Des centaines d'ouvrages décrivent les mécanismes qui conduisent les femmes à "s’adapter" à la situation plutôt qu'à la dénoncer. Mais s'il est un exemple qui illustre à quel point il est logique
qu’elles ne parlent pas, c'est sans doute cette tribune des femmes journalistes parue dans Libération le 5 mai 2015. Ces femmes ne citaient pas de noms mais disaient les choses.
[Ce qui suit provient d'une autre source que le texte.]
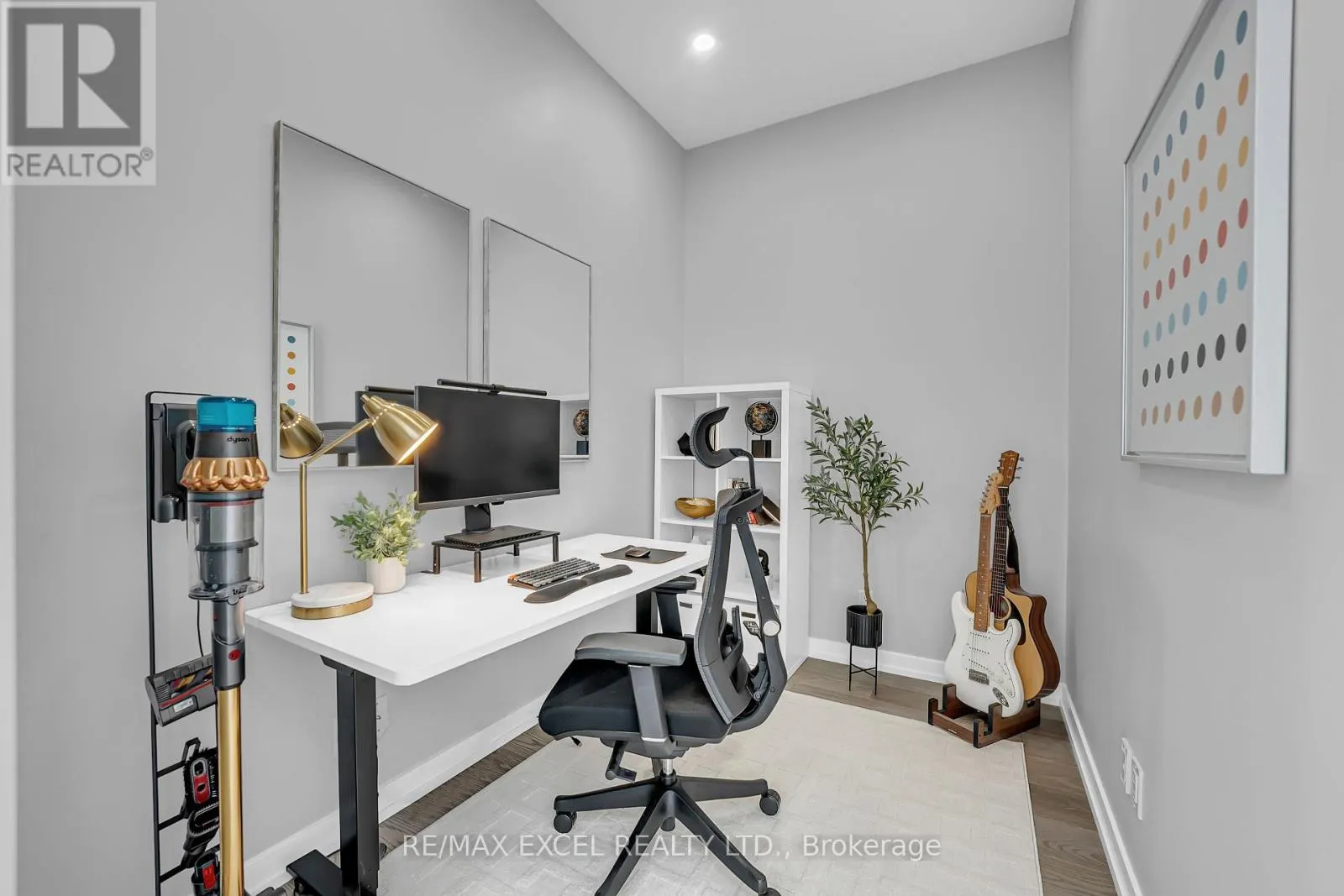 PH01 - 161 ROEHAMPTON AVENUE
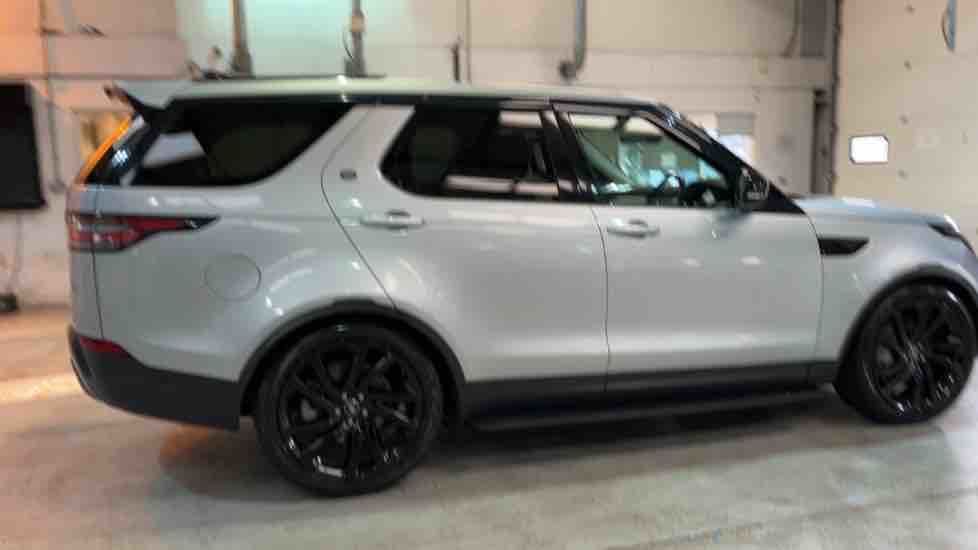More views of Land Rover Discovery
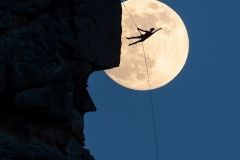 Fullmoon Planeta Pedriza danza escaladores luna llena siluetas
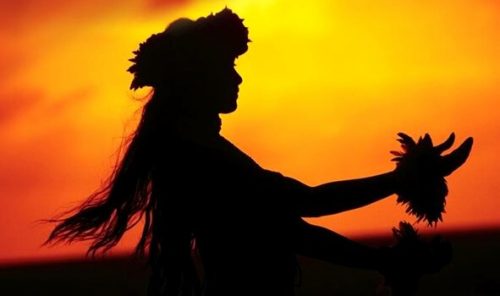 Hawaiisk kvinde danser for at opnå personlig vækst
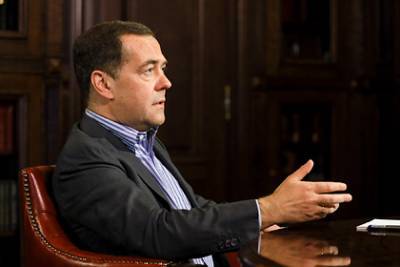 Дмитрий Медведев - Медведев рассказал об угрозе цифрового тоталитаризма - lenta.ru - Россия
Elles ont mis, courageusement, dans le débat public, cette question des rapports hommes-femmes, du sexisme en politique, et de ces quelques cas d'hommes politiques qui ont tant de mal à "maîtriser leurs pulsions". Il y eût moult articles et commentaires sur cette tribune, nombreux ont été les éditorialistes et les commentateurs de tous poils qui s’y sont collés et puis… rien. Ou si peu.
Cette tribune disait : « /Ils sont issus de toutes les familles politiques sans exception, naviguent à tous les niveaux du pouvoir et n’ont droit à aucune impunité/. » Normalement. Dans la réalité pourtant c'est l'impunité qui prime. Quelles suites ont été données par les partis politiques à cette tribune ? Quelles mesures ont été prises ?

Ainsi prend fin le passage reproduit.